McDonald is researching what we “hear and see” in the Coen brothers’ movies for his book, Listening to the Void: Music and Sound in the Films of the Coen Brothers. McDonald said “The Coen brothers’ films express a distinct worldview: we live in a godless universe where things don’t happen for a reason – they just happen.”  He said, “My book explores everything we hear in the Coens’ films – music, sound effects, and speech – and how these elements work together to support this worldview and, at times, to push against.”

The book will be an analysis of all the Coen brothers’ films, including some of their lesser-known work, such as short films and commercials.  Topics include music and characterization, music as an expression of difference, musical style, music and irony, voice-over narration, vocal quality and regional or foreign accents, characters repeating themselves and one another, elocution, recurring bodily sounds, sound and setting, the sound track and large-scale filmic form. McDonald will analyze the Coen’s films using conceptual frameworks developed from film musicology, media studies, narratology, and music theory.

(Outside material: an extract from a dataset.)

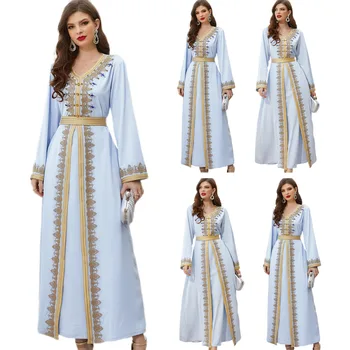 Kaftan Kadınlar uzun elbise Rhinestone Lüks Parti Kıyafeti Müslüman İslam Abayas Türkiye Dubai Arapça Jalabiya Orta Doğu Eid Mubarak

McDonald’s book will be the first book about music and sound in the Coen brothers’ films. He said this is “…a mostly uncharted scholarly topic. The book belongs to a relatively new scholarly genre, studies of the ‘sonic style’ of a particular filmmaker, as opposed to more traditional studies of film music by particular composers.”

McDonald said the book has the potential to appeal to both scholars of music and film and the much broader audience of Coen brothers’ fans.  “I hope to achieve a delicate balance between scholarly rigor and accessibility.”

This semester, McDonald is teaching an honors seminar on the Coen Brothers’ films.